There is a general concern about the DIY nail kits on the market, claiming that home gel polish kits are an overexposure reaction waiting to happen. Some even say that this is the reason for the upswing in people’s allergic reactions to enhancement products.
They could be right. The salon industry could also be tainted by negative PR related to improper home use of such products. Personally, I agree that untrained non-professionals should not use professional nail products. I also agree that DIY nail kits can lead to adverse skin reactions if people do not use them correctly and avoid skin contact.
Some clients are more likely to develop adverse skin reactions than others. Therefore, it is always best to assume that any client may develop skin sensitivity. Therefore, skin contact should always be avoided. Also, once should always properly cure nail coatings, which further reduces the potential for skin reactions. When properly cured, nail enhancements are not likely to cause adverse skin reactions of any type. Too many clients do develop skin sensitivities because nail professionals do not take care to avoid skin contact and many do not properly cure the coatings. How many clients develop skin reactions? No one can say for certain.
Adverse skin reactions are an important issue that I will be talking about a lot. However, most, if not all, of these adverse skin reactions are completely avoidable. In other words, the reactions reported are almost always due to incorrect application and/or improper cure. For instance, some adverse hair bleach reactions result from improper mixing of two-part hair bleaches or incorrect application. This is usually the result of not following the manufacturer’s directions or not heeding warnings.

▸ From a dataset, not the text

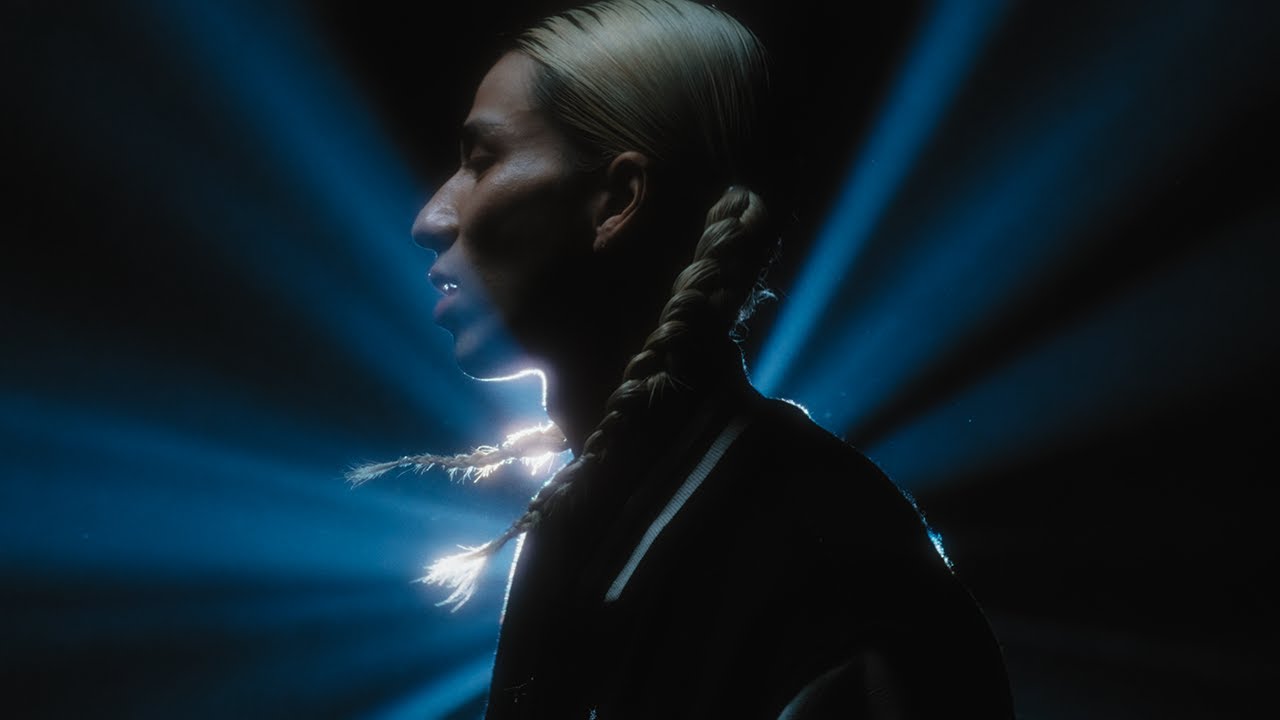 AOTO - バイオリン (official video)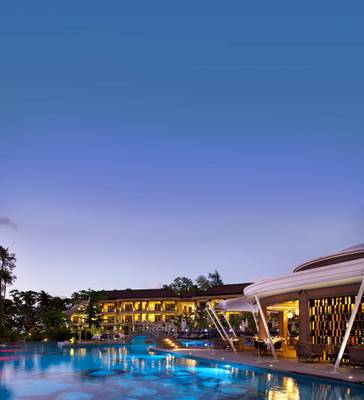 Außenbereich des Savoy Seychelles Resort & Spa mit Swimmingpool und Loungebereich.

I’ve served as an expert witness in many court cases over the last twenty-five years. Several cases I’ve seen have involved scalp burns. Scalp burns can happen for other reasons as well. Several happen because a stylist accidentally mixed two parts of the powdered bleach with one part of the liquid activator. That is instead of following the directions which call for one part powder bleach and two parts liquid activator. In other words, they switched the concentrations and used twice as much powdered bleach as they should have used. This type of mixing error may cause some hair bleaches to heat to over 150F (65C), which can foam and leak from the foils to burn the thin tissue on the scalp.
Many nail professionals appear to be just as likely to overexpose the skin as are the do-it-yourself crowd. I’ve watched nail professionals work for many years and I’ve seen some pay virtually no attention to avoiding skin contact. The skin around their client’s nails is red and inflamed. This type of visible irritation is very likely an early warning sign of a skin problem in development, or maybe a permanent allergic skin reaction. Permanent allergic skin reactions aren’t what they sound like, but it’s not a good thing either. Rashes and signs of visible irritation often appear to “go away” after the exposure is discontinued. However, if exposure to the allergy-causing substance resumes, the symptoms may worsen and return.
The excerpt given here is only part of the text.